Amador’s assessment comes as 2025 has been marked by a surge in high-profile exploits. While markets search for a new trust equilibrium, a lack of operational readiness is leaving many projects permanently weakened.
The First Hours Define a Project’s Fate
According to Amador, the moment an exploit is detected, most protocols effectively freeze. Teams often lack a clear understanding of how exposed they are and rarely have a predefined incident response plan for a large-scale breach.
This uncertainty slows decision-making. Valuable time is lost as teams debate whether to pause contracts or keep systems running. Amador stresses that additional losses frequently occur during these early hours, when improvisation replaces structured response and coordination breaks down.

Silence Doesn’t Repair Trust — It Amplifies Panic
Following a hack, many projects hesitate to pause smart contracts due to reputational concerns. At the same time, communication with users often collapses. According to Amador, this silence does not stabilize the situation — it intensifies fear.

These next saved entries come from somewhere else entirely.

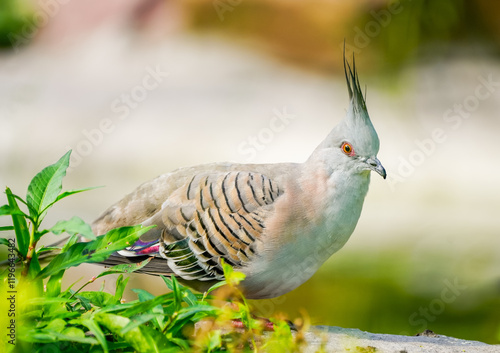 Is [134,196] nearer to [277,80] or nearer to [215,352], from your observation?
[215,352]

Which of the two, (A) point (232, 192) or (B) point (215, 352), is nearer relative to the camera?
(B) point (215, 352)

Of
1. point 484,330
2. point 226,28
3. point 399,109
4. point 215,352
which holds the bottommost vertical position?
point 484,330

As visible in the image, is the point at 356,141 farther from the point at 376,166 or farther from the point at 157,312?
the point at 157,312

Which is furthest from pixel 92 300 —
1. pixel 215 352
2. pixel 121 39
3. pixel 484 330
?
pixel 121 39

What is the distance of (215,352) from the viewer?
1.40 m

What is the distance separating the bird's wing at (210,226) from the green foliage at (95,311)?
66 cm

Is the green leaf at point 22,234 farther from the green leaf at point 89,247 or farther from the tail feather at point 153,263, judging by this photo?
the tail feather at point 153,263

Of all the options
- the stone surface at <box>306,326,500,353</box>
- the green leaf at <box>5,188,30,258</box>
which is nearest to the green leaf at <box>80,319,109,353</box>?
the green leaf at <box>5,188,30,258</box>

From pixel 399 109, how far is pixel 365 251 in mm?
1219

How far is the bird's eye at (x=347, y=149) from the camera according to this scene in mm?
2109

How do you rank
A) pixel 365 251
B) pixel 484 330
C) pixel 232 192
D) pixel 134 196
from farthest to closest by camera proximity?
pixel 365 251 < pixel 484 330 < pixel 134 196 < pixel 232 192

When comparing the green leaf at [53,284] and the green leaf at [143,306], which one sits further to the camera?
the green leaf at [53,284]

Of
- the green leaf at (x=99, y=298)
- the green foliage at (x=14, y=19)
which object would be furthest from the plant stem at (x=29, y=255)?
the green foliage at (x=14, y=19)

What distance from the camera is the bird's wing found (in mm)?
2191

“Nearly 80% of hacked projects never fully recover,” Amador notes, adding that the primary damage stems not from the initial loss of funds, but from operational breakdown and erosion of trust during the response phase. Once lost, that trust is rarely restored.
Fixing the Code Isn’t Enough
A similar warning comes from Alex Katz, CEO of Web3 security firm Kerberus. Katz argues that even technically resolved incidents often mark the beginning of a project’s decline. Users leave, liquidity dries up, and reputational damage becomes permanent.
At the same time, the nature of attacks is shifting. Smart contract vulnerabilities are no longer the dominant threat. Human error has become the weakest link, with users unknowingly approving malicious transactions, interacting with fake interfaces, or exposing private keys.
Losses Hit Record Levels, Risk Turns Structural
Crypto security challenges intensified sharply in 2025. Total losses reached $3.4 billion, the highest level since 2022. Just three incidents accounted for 69% of all losses, with the $1.4 billion Bybit exploit standing out as a defining example.
Amador warns that AI-powered social engineering is accelerating this trend. Attackers can now deploy thousands of tailored phishing messages daily, pushing security risks far beyond smart contracts and into operational preparedness.
2026 Could Be Stronger — Under One Condition
Despite the grim data, Amador remains cautiously optimistic. He believes smart contract security is improving faster than ever, driven by better development standards, stronger audits, and more mature monitoring tools. In his view, 2026 could become the strongest year yet for smart contract security.
However, one issue remains unresolved: response readiness. Amador emphasizes that teams must act decisively and communicate immediately when incidents occur, even if the full scope is unclear. Early intervention, he argues, causes far less damage than allowing uncertainty to spiral.